| I guess it depends where you live. In my part of the UK people were overwhelmingly in favour of leave. I wouldn't typically mention I was a remain voter as it was near sure to get me a discussion. Very few claimed the immigration directly - t'was about jobs, or more precisely the lack of them, therefore immigration. A good part of the region is not yet out of the 2008 recession, and house price growth is a joke. When you relatively recently had a well paying job with which you supported your family, yet now you're not making ends meet in a temporary delivery driver fake-freelance job, as that's all you can get despite skills, it's hard to see much logic in the "dynamic globalized economy". Now then, I'd argue that for most in tht position, the social justice, work regulation and regional development funds of the EU would be something to heavily vote for. The EU, though, has always been appalling at making a case for itself - hence distant EU bureaucrats and other tropes. Sadly, Boris's bullshit of £350m to the NHS and evil EU immigrants taking your jobs touched sore nerves and lead to the leave votes. Now we get a government that looks like it will lurch heavily to the right, and as far as London and the tories are concerned, the regions can go f* themselves. Turkeys voting for Christmas perhaps, but I do undertand the reasons why, least round these parts.

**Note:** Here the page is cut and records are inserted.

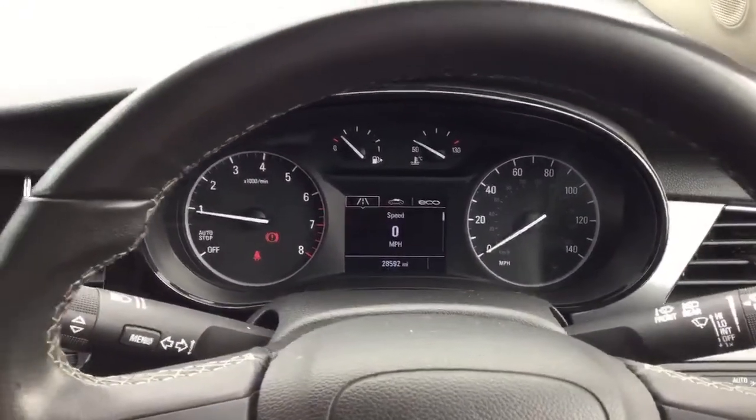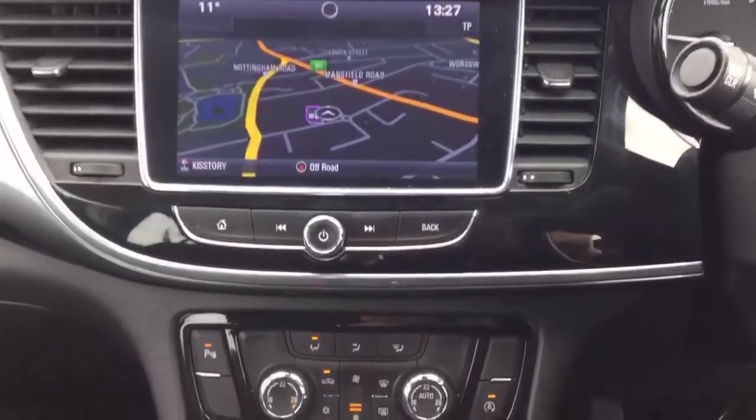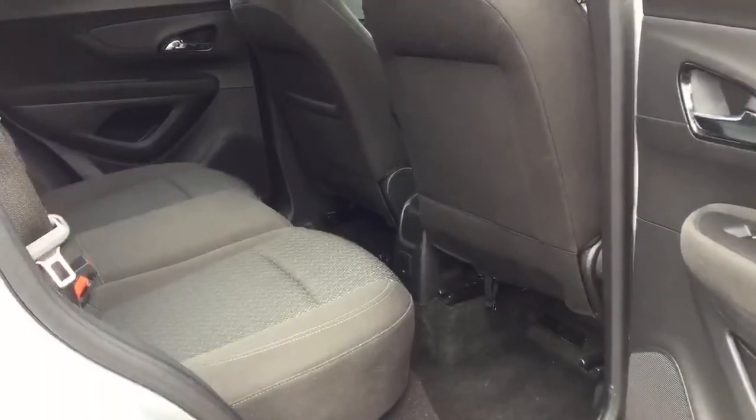We can also take in your current vehicle as part exchange, arrange finance and even offer same-day drive away on selected vehicles. So don't hesitate and get in touch today because tomorrow this great vehicle could be gone.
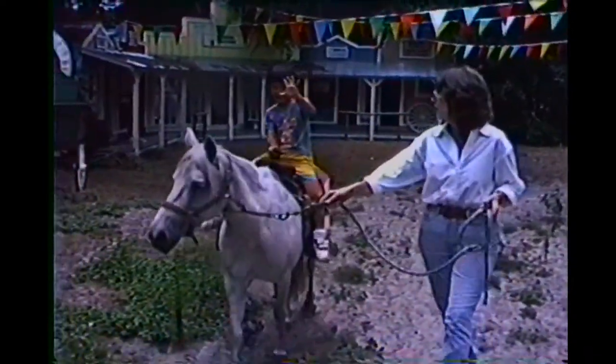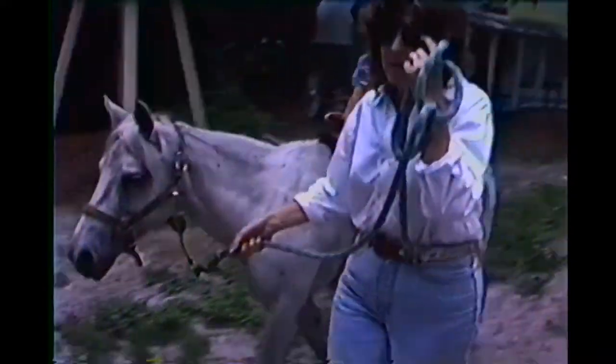Birthday boy! Five years old — hold up five, let me see five. Five years old. Congratulations, we all made it!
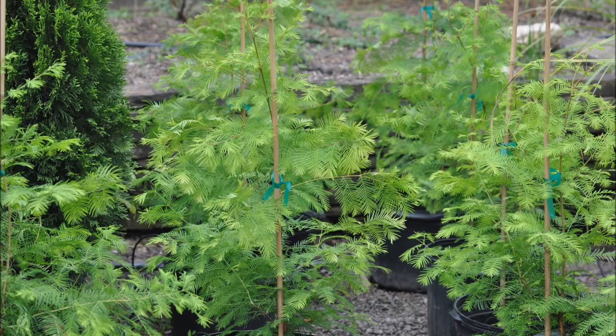These are Dawn Redwood trees. At Highland Hill Farm, we sell Dawn Redwoods as transplants, seedlings, potted plants, and also we dig them from our fields and sell them balled and burlapped.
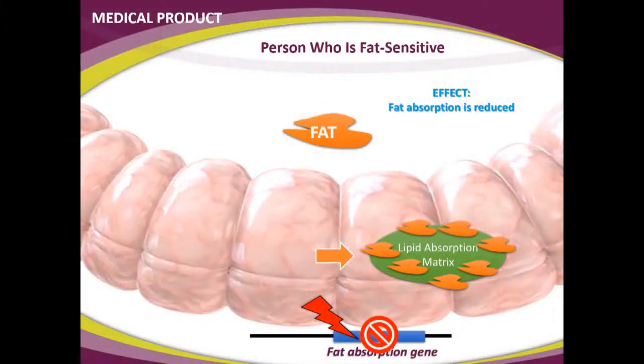Fat absorption is reduced only in fat-sensitive people — according to studies, 26.6% less fat absorption. That covers the lipid absorption matrix. The other part is the polysaccharide absorption inhibitor (PAI).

I'd say the root cause goes all the way back to Thatcher and the loss of local industry, from which many towns have still not recovered. |
I met a couple of neds in Spain recently on the day of the vote, and they were like "Take it back, init, take it back and be great".
I was like "What does that mean though??? Take back what??". "Take it back! We just need to run ourselves".
Despite almost an hours worth of discussion, they were passionate about something which was nothing of value. I would probably put a lot of money on 20% of the vote being people who pick up a newspaper, and copy what the editor says.
This "lets be great again" rubbish was the common theme.